> Your assignment:
Pictures aside, copy exactly the lines running from the one with "August 2002" to the end of the records.

> Data in this exercise:
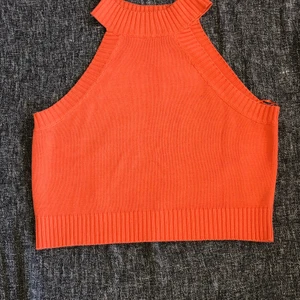 Linne från Gina Tricot, S: medium - Orange stickad linne från Gina Tricot. Mycket trevligt för sommarkvällar. Storleken är medium men men passar lite snävare. Betalning med Swish, köparen står för frakt (+45 kr). Dm om ni har frågor!!💞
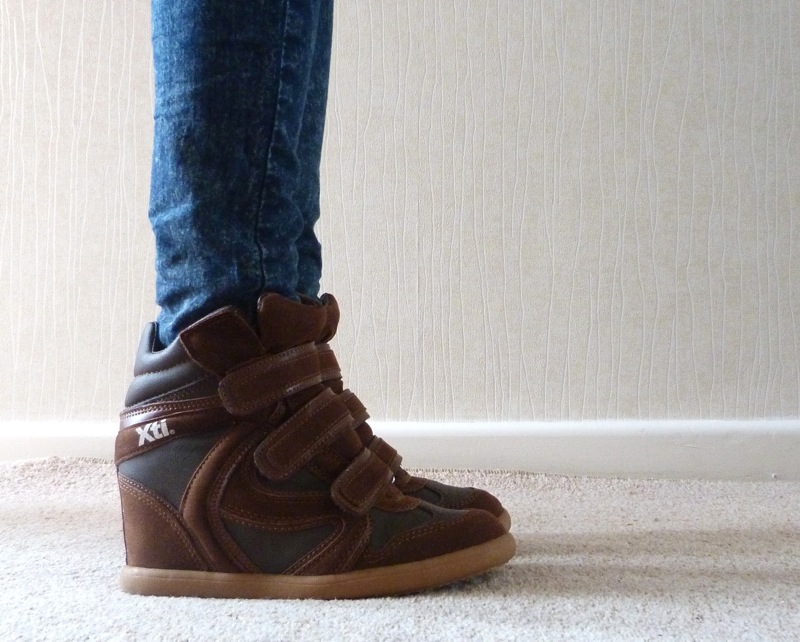 small wedge trainers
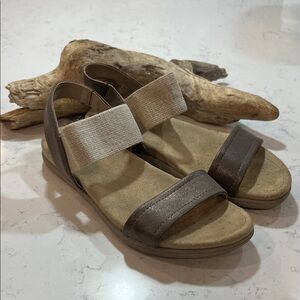 Axxiom shoes for life sandals size 7.5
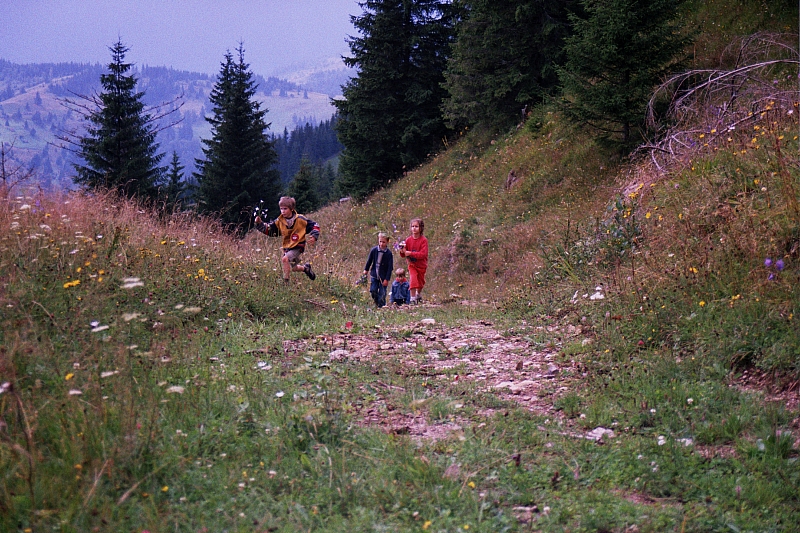 © R.Thiel
Die Kinder
August 2002
Rumänienfotos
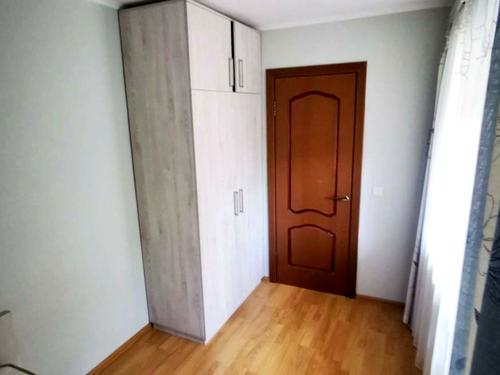 квартира за адресою Докучаєвська вул., 5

> Answer box:
August 2002
Rumänienfotos
 квартира за адресою Докучаєвська вул., 5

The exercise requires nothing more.